EXERCISE GOAL:
Take the data from its first line. Print each line exactly until the line containing "А - тренд ЧСС" has been printed too.

DATA SUPPLIED:
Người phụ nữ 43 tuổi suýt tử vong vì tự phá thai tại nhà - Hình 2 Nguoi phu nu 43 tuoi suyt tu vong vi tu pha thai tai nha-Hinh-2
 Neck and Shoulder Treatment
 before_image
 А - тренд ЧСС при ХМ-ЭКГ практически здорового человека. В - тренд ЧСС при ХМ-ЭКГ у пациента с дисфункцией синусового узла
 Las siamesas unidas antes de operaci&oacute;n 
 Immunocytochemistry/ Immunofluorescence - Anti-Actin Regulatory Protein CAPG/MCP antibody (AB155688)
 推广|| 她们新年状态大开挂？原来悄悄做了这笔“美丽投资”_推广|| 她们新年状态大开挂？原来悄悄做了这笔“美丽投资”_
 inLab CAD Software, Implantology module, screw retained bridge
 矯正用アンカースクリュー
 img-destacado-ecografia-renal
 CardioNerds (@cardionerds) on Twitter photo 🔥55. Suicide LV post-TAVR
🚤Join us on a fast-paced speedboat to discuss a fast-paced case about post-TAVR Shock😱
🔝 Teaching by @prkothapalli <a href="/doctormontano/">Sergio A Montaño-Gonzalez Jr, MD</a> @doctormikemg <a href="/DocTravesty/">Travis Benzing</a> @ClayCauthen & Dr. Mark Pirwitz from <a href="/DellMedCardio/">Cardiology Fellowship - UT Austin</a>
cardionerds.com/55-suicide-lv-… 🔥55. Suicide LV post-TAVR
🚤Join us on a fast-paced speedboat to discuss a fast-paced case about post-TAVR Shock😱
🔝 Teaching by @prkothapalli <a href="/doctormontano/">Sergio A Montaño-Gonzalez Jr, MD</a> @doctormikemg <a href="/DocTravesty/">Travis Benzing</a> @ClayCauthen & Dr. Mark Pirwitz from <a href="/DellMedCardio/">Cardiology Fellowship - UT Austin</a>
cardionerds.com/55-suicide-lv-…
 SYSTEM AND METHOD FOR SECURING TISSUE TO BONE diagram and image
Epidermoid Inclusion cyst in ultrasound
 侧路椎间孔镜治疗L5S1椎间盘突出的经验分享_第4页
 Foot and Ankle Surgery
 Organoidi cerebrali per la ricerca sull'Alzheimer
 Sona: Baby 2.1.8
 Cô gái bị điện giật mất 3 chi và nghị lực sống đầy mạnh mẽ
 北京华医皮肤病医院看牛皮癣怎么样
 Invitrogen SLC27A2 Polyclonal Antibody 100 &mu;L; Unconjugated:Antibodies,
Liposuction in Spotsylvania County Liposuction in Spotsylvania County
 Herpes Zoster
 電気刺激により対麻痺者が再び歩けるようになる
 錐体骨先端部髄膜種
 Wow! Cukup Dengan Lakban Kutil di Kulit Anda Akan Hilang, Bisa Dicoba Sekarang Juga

ANSWER SECTION:
Người phụ nữ 43 tuổi suýt tử vong vì tự phá thai tại nhà - Hình 2 Nguoi phu nu 43 tuoi suyt tu vong vi tu pha thai tai nha-Hinh-2
 Neck and Shoulder Treatment
 before_image
 А - тренд ЧСС при ХМ-ЭКГ практически здорового человека. В - тренд ЧСС при ХМ-ЭКГ у пациента с дисфункцией синусового узла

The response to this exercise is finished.